Towards Safe Load Balancing based on Control Barrier Functions and Deep Reinforcement Learning
Lam Dinh, Pham Tran Anh Quang, Jérémie Leguay
TL;DR
This work tackles the safety challenge of applying reinforcement learning to SD-WAN load balancing by combining a deep RL controller with a Control Barrier Function (CBF) to enforce a capacity-safety constraint $μ ≤ 1$ throughout training and deployment. A local-search–based CBF projects unsafe proto-actions to safe actions, enabling hard safety guarantees while preserving learning efficiency. Empirical results show that PPO with CBF (PPO-CBF) achieves near-optimal end-to-end tunnel delay while strictly avoiding capacity violations, outperforming DDPG-based safety approaches. GPU-accelerated training delivers practical update times (≈110× faster), making safe, online RL-based load balancing feasible in real networks.
Abstract
Deep Reinforcement Learning (DRL) algorithms have recently made significant strides in improving network performance. Nonetheless, their practical use is still limited in the absence of safe exploration and safe decision-making. In the context of commercial solutions, reliable and safe-to-operate systems are of paramount importance. Taking this problem into account, we propose a safe learning-based load balancing algorithm for Software Defined-Wide Area Network (SD-WAN), which is empowered by Deep Reinforcement Learning (DRL) combined with a Control Barrier Function (CBF). It safely projects unsafe actions into feasible ones during both training and testing, and it guides learning towards safe policies. We successfully implemented the solution on GPU to accelerate training by approximately 110x times and achieve model updates for on-policy methods within a few seconds, making the solution practical.
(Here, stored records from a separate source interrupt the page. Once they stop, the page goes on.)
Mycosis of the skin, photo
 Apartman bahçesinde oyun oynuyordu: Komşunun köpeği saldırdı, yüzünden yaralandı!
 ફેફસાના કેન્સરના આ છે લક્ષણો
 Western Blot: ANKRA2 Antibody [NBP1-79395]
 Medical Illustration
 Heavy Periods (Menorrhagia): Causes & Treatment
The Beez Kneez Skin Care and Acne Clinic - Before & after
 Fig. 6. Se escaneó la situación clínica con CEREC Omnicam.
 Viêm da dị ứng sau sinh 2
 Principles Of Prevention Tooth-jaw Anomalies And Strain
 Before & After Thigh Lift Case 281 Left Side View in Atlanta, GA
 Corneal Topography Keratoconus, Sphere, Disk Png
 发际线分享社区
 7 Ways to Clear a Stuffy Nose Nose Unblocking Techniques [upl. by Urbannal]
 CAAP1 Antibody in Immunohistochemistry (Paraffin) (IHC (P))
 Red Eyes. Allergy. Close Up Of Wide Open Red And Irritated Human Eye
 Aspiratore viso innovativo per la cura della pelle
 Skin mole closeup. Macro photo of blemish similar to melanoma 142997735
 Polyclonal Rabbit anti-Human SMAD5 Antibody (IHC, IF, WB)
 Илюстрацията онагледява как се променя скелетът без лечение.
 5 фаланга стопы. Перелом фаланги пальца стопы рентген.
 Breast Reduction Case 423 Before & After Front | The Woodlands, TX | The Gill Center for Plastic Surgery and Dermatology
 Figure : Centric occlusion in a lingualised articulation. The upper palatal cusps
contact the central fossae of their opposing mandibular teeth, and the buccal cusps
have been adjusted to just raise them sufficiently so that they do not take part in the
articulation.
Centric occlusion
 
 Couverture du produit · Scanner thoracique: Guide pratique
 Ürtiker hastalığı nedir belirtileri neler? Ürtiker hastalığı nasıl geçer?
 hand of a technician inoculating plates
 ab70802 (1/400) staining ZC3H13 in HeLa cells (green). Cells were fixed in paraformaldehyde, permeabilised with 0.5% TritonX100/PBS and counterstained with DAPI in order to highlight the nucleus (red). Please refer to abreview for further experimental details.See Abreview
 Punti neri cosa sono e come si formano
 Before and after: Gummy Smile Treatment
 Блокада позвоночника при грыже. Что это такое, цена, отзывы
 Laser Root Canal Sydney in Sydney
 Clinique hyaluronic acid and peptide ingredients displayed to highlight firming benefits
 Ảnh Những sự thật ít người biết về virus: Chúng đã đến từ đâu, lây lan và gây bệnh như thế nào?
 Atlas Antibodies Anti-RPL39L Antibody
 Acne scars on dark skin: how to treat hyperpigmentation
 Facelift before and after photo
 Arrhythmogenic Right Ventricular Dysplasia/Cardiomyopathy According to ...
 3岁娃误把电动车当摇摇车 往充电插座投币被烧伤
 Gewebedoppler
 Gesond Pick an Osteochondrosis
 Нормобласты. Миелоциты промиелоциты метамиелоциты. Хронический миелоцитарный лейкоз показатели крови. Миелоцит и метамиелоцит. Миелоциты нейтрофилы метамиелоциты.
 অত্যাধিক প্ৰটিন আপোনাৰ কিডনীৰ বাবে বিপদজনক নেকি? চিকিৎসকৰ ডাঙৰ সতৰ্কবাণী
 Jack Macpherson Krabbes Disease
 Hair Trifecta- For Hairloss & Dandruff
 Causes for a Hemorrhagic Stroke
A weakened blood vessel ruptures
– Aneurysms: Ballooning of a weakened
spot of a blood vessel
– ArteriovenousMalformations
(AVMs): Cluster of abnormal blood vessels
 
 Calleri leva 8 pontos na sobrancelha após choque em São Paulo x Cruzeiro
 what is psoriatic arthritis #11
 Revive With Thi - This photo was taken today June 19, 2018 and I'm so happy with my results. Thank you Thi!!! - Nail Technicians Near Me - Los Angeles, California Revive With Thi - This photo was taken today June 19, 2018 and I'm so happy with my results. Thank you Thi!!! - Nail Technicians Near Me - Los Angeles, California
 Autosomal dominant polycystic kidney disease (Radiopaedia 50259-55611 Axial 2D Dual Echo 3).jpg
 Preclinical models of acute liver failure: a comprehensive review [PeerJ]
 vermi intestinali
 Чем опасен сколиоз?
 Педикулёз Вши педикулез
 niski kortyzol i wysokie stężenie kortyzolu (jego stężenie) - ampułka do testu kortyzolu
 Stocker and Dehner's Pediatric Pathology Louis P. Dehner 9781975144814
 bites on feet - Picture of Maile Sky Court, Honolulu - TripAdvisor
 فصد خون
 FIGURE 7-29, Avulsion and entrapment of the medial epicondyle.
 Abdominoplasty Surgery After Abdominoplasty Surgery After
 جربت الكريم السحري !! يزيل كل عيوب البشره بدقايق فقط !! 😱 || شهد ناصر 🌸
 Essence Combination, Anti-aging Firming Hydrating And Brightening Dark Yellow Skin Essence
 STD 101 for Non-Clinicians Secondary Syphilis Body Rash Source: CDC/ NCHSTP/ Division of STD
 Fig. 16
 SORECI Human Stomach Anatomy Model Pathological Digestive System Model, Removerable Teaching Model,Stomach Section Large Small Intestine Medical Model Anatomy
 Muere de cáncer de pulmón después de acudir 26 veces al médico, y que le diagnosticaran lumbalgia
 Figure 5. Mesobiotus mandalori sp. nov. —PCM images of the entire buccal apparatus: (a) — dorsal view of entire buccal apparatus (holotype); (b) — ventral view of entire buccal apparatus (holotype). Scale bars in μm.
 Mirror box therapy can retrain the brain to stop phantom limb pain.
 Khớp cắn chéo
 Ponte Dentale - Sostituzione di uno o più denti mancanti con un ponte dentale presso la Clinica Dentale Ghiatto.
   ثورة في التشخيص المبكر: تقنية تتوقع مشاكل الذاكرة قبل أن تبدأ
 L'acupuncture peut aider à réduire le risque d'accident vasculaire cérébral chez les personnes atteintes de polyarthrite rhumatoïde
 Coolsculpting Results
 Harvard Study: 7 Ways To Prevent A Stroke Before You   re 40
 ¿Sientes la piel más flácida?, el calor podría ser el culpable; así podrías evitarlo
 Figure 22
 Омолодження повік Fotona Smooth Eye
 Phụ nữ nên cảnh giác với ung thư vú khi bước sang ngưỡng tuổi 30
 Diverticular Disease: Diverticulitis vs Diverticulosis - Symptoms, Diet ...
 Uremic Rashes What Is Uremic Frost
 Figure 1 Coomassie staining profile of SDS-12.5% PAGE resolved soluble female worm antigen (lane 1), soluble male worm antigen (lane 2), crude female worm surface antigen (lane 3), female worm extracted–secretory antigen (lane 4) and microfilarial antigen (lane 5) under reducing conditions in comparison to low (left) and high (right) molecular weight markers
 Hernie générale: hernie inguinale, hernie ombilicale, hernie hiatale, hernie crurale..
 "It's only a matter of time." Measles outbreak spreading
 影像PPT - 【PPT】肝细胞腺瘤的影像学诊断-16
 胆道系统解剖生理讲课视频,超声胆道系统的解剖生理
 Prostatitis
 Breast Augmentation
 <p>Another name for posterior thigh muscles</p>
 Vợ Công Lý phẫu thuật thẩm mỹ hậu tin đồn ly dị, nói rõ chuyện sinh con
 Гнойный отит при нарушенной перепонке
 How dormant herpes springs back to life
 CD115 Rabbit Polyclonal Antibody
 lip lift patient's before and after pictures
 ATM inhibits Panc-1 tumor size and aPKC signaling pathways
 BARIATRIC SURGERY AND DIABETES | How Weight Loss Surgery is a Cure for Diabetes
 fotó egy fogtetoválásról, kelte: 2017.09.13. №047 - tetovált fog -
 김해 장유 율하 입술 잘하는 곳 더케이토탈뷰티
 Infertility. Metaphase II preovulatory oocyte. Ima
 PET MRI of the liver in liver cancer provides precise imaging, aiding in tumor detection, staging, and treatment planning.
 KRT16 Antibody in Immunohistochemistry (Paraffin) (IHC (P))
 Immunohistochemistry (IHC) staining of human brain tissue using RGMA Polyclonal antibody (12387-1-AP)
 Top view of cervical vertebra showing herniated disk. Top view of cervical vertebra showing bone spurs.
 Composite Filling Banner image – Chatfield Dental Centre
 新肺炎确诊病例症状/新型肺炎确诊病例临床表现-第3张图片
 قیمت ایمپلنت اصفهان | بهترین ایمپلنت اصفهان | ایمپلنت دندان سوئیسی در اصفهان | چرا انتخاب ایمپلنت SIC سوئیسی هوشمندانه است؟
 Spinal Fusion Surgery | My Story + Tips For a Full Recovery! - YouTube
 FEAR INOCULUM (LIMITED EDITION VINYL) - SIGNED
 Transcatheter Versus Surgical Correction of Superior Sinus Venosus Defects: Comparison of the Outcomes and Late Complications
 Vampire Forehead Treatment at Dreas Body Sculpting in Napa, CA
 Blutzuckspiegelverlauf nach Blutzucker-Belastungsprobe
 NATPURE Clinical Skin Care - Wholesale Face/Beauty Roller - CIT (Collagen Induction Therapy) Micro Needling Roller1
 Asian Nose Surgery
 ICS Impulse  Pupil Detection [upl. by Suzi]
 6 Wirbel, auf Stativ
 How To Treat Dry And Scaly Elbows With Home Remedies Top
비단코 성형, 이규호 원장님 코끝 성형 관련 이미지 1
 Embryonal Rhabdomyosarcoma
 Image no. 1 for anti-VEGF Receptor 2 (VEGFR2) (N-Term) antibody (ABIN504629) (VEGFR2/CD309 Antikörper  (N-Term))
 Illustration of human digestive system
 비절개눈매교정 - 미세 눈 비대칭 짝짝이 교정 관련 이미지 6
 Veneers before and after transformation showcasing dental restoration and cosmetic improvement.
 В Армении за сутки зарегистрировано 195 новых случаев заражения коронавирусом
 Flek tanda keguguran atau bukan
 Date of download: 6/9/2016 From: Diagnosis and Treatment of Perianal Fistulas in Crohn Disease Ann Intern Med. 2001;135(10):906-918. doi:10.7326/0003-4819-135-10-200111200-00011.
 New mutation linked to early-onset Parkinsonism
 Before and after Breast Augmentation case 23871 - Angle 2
We show that our approach delivers near-optimal Quality-of-Service (QoS performance in terms of end-to-end delay while respecting safety requirements related to link capacity constraints. We also demonstrated that on-policy learning based on Proximal Policy Optimization (PPO) performs better than off-policy learning with Deep Deterministic Policy Gradient (DDPG) when both are combined with a CBF for safe load balancing.